Big Z did not like Mark Carlson’s call.

Photo by Phil Velasquez/Chicago Tribune/MCT via Getty Images

Many of these articles commemorate an obscure part of Cubs history, or something that happened decades ago.

This game and event, you probably remember pretty well, as it happened just eight years ago, May 27, 2009.

The Cubs led the Pirates 2-1 in the top of the seventh. Nyjer Morgan was on third base with one out, and Carlos Zambrano, facing Nate McLouth, uncorked a wild pitch.

Then this happened [VIDEO].

Now, in 2017 that play simply would have gone to the replay-review crew. If you look at the video closely, you can see that plate umpire Mark Carlson made the right call. Morgan’s hand touched the plate just before Zambrano tagged him.

A more colorful description of what happened is in Retrosheet’s boxscore from this game:

pitcher Carlos Zambrano covered the plate on the wild pitch, took the throw from catcher Geovany Soto and tagged the runner; however, HP umpire Mark Carlson ruled that Nyjer Morgan slid under the tag and scored; Zambrano started yelling and gesturing while nose-to-nose with Carlson and was ejected by the umpire; Zambrano made a motion as if to eject Carlson, then threw the ball into left field; as he left the field, Zambrano threw his glove, then attacked a drink dispenser in the dugout with a bat

You can see all that happen in the video above.

Big Z got a six-game suspension for bumping Carlson and did not appeal. The Cubs wound up winning that game 5-2 with a three-run eighth inning.
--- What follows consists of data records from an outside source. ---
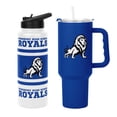 thumbnail image 1 of Logo Brands Woodbury High School Tumbler Set, 1 of 5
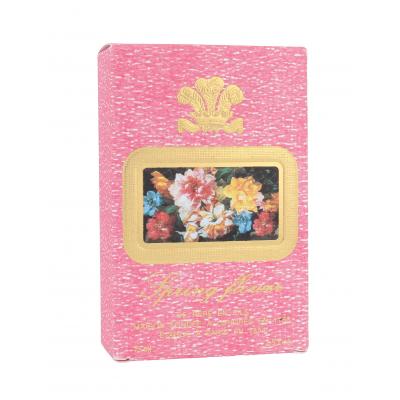 Creed Spring Flower Parfémovaná voda pro ženy 75 ml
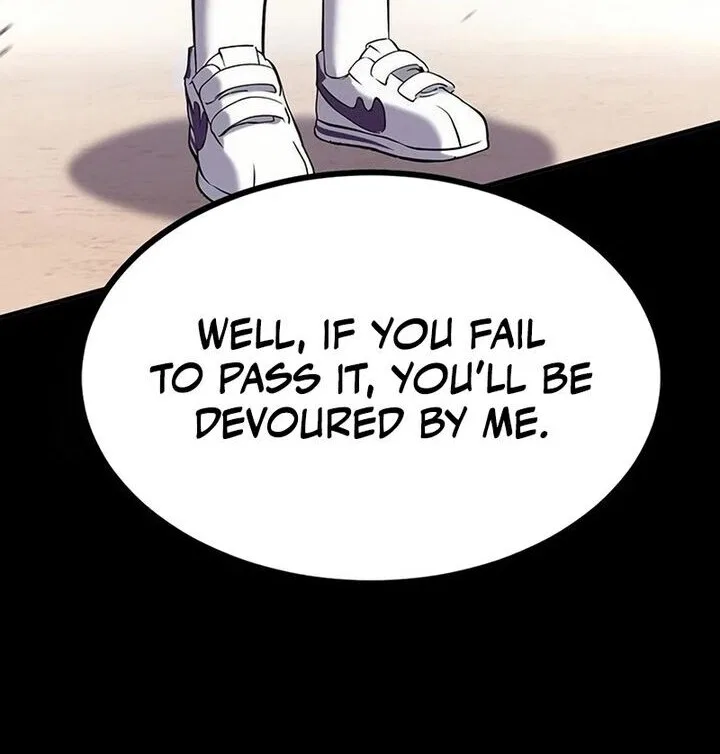 Hardcore Leveling Warrior manga Chapter 431 – Page 109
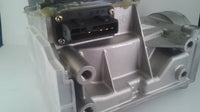 Air Flow Meter Nissan STANZA, 200SX 2.0L 1985-89 SMP# MF2008
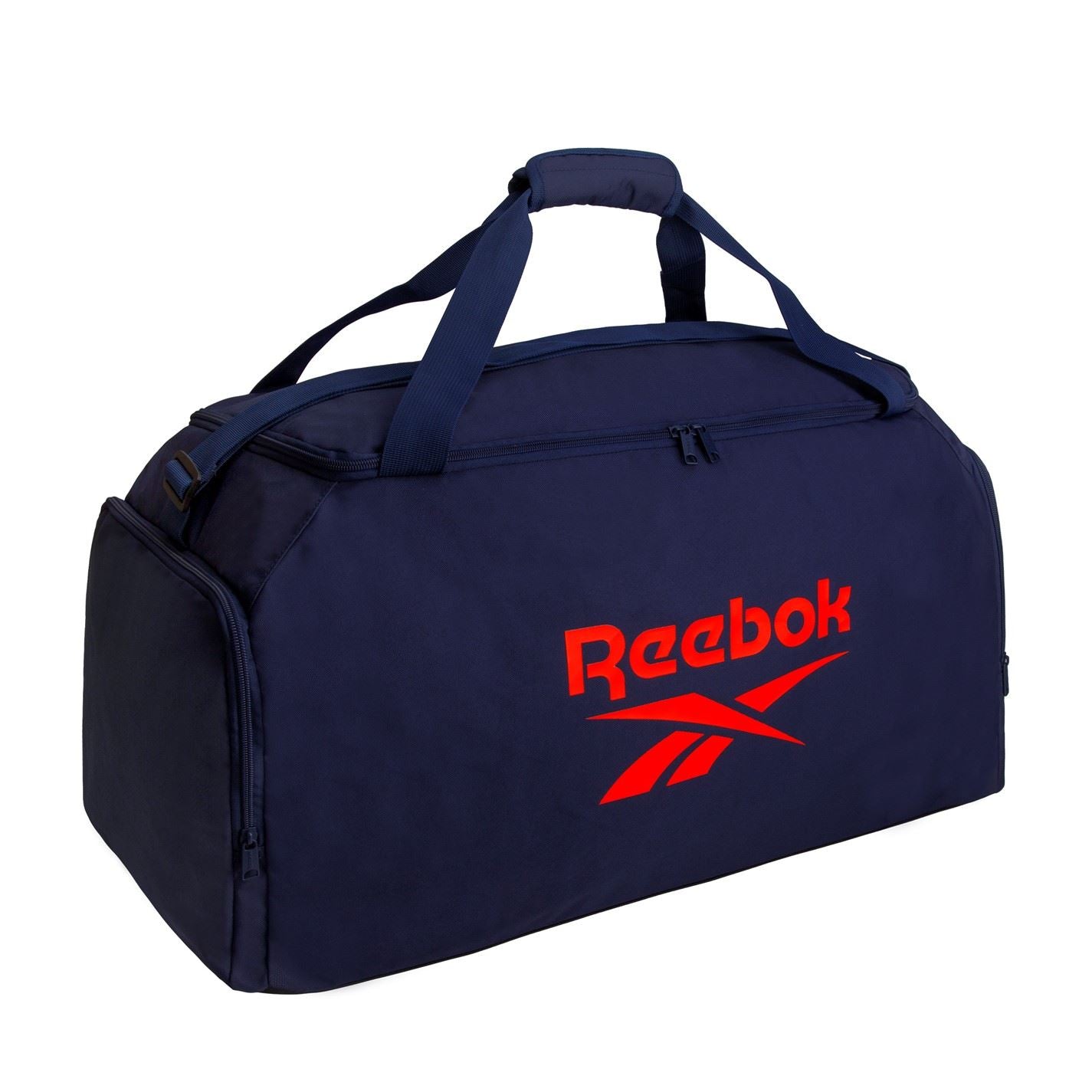 Reebok Active Core Med Duffel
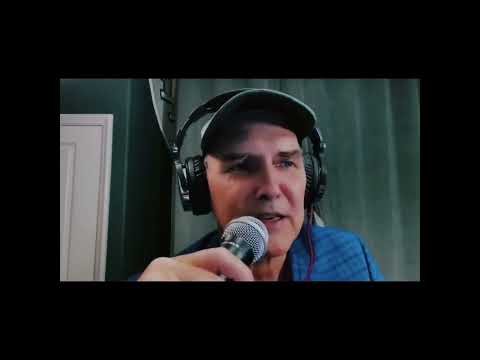 Norm's New Word  |  Cumtown 🏳️‍🌈💦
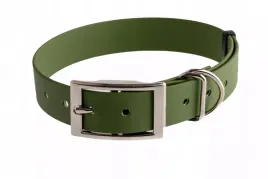 obroza-biothane-4wild-20mm-27-41cm-oliwka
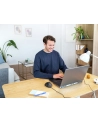 TRUST FYDA Wired Mouse ECO - nr 6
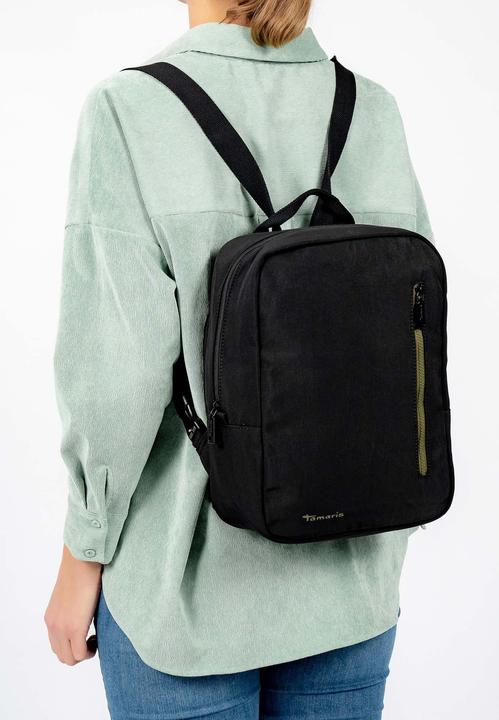 Actual product image Tamaris Backpack Gayl (14.50 l)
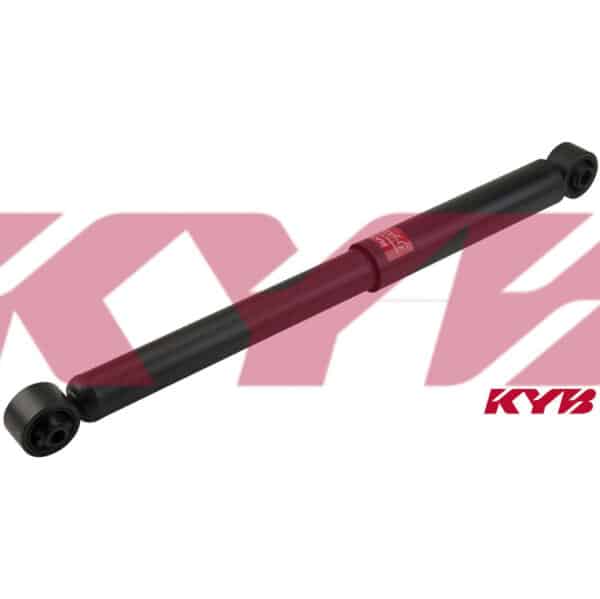 Amortiguador trasero para CHEVROLET ASTRO 2WD & 4WD 85-90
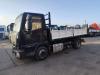 Iveco EUROCARGO 75E16 Photo 2 thumbnail
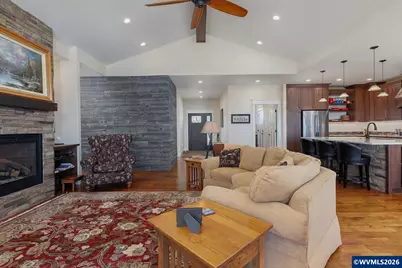 506 Fawn Ln, Philomath, OR 97370 - Photo 11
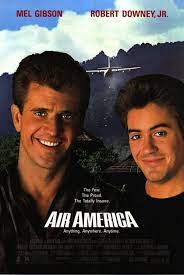 Air America 1990 1080p WEB-DL EAC3 DDP2 0 H264 DUAL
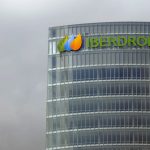 Iberdrola ‘pasa’ de la deuda y se centra en la inversión en redes eléctricas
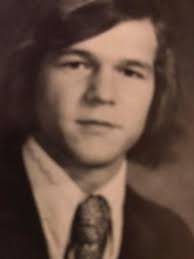 Obituary for Harold "Hal" Frank Rice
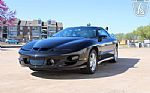 1999 Firebird Formula Trans Am Thumbnail 22
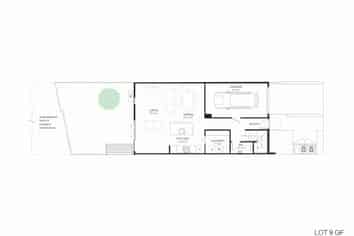 18 Wakaturia Way, Glenfield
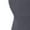 Grey, variant on Wangmeiwg Women's Sweatshirts Women's Trousers Suit Stylish Comfortable Loose Hoodie and Sweatpants Set for Casual Loungewear White S
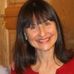 Barbara Weikamp - Facebook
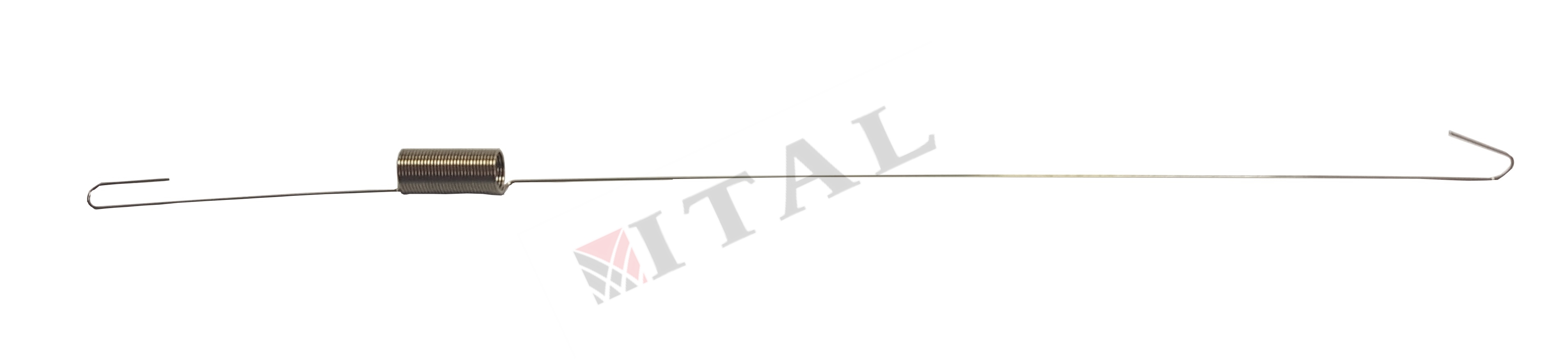 GAZ TELİ YAYI LC1P61/65FA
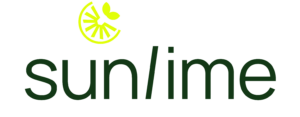 Sunlime Logo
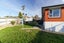 1 Kinmont Crescent, Kinmont Park, Mosgiel - Carousel 19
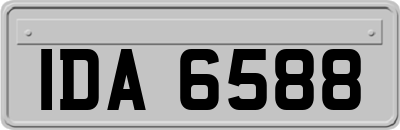 IDA6588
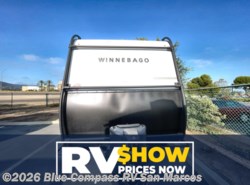 Used 2023 Winnebago HIKE 100 H1316SB available in San Marcos, California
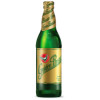 Heineken Slovensko Golden Pheasant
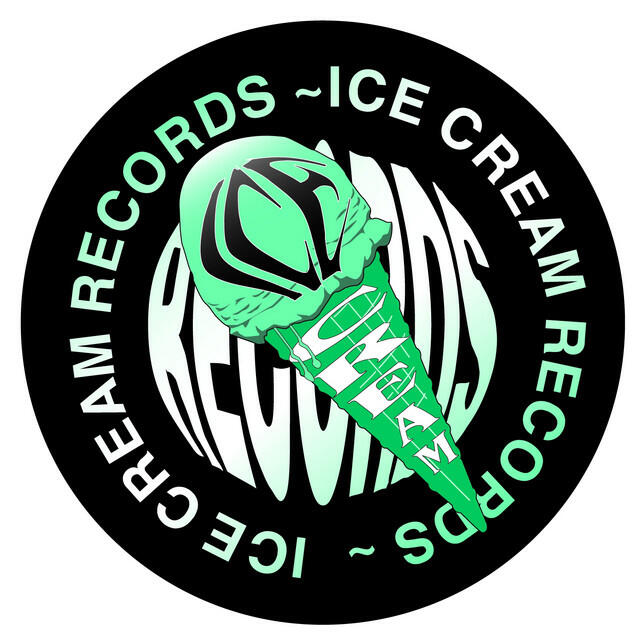 Релиз Nu Jams, Vol. 1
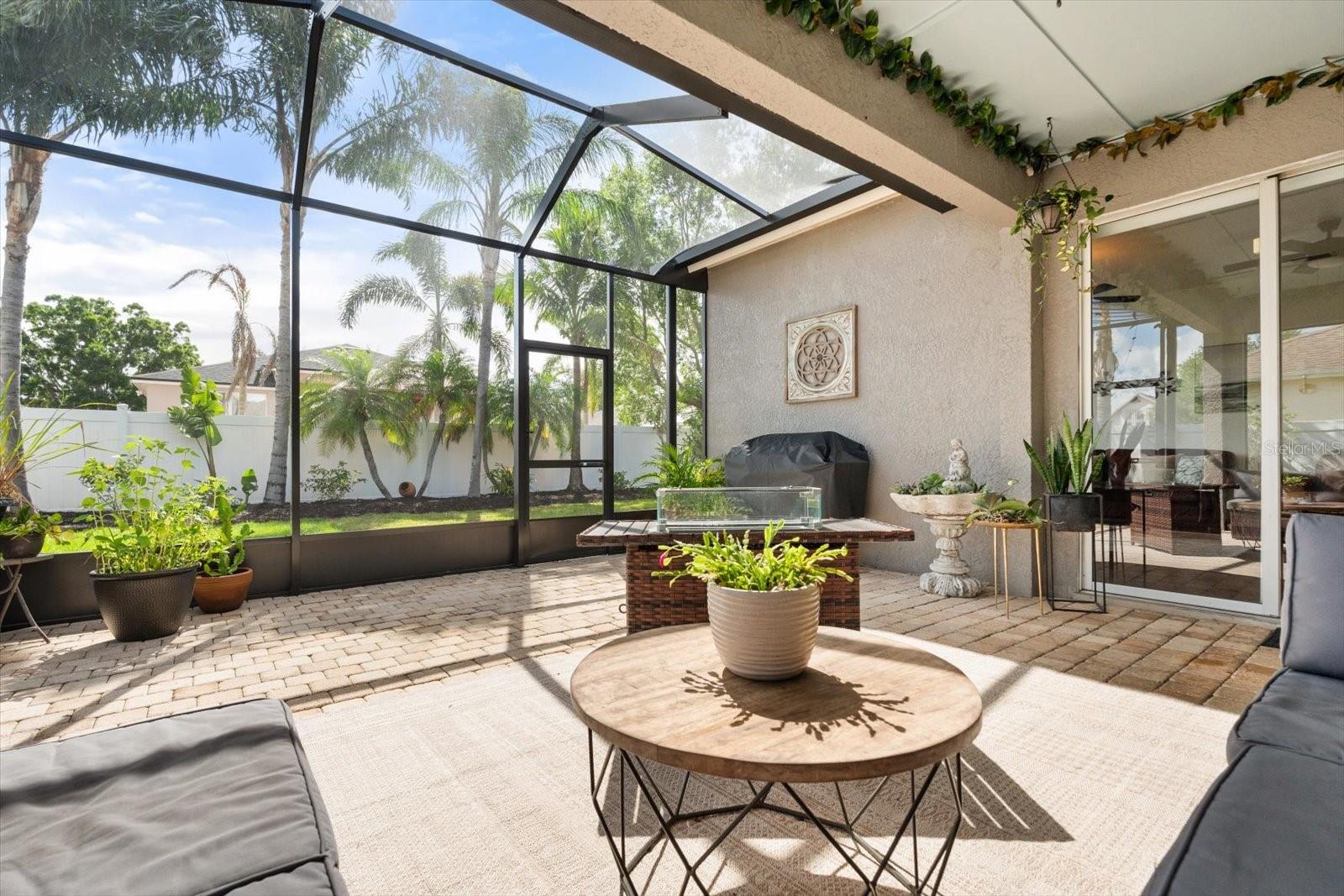 10714 ROCKLEDGE VIEW DR, RIVERVIEW, FL, 33579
Personally, I don’t really miss those kinds of things happening at baseball games. You get a close play on the field, there’s no yelling and screaming and umpire-bumping, it simply goes to the review crew and a decision is made. Perhaps you do miss such things and call them “colorful.” I like things better now.

Carlos Zambrano appeared at Wrigley Field earlier this week and threw out a pregame ceremonial pitch. He looked in playing shape. It is sobering to consider that Zambrano, who last threw a big-league pitch in 2012, is nearly three years younger than John Lackey and only about two and a half years older than Jon Lester. If Z had been able to harness his emotions into his pitching instead of outbursts, he might still be on a big-league roster somewhere. It’s a shame, because he had tremendous physical talent. There was a time when I thought he’d be a lifetime Cub and perhaps even become the best pitcher in team history.

Instead, we got more outbursts like this one, including the 2011 incident in which he cleaned out his locker in Atlanta and left the team. That was the last time he pitched for the Cubs. It’s really a shame.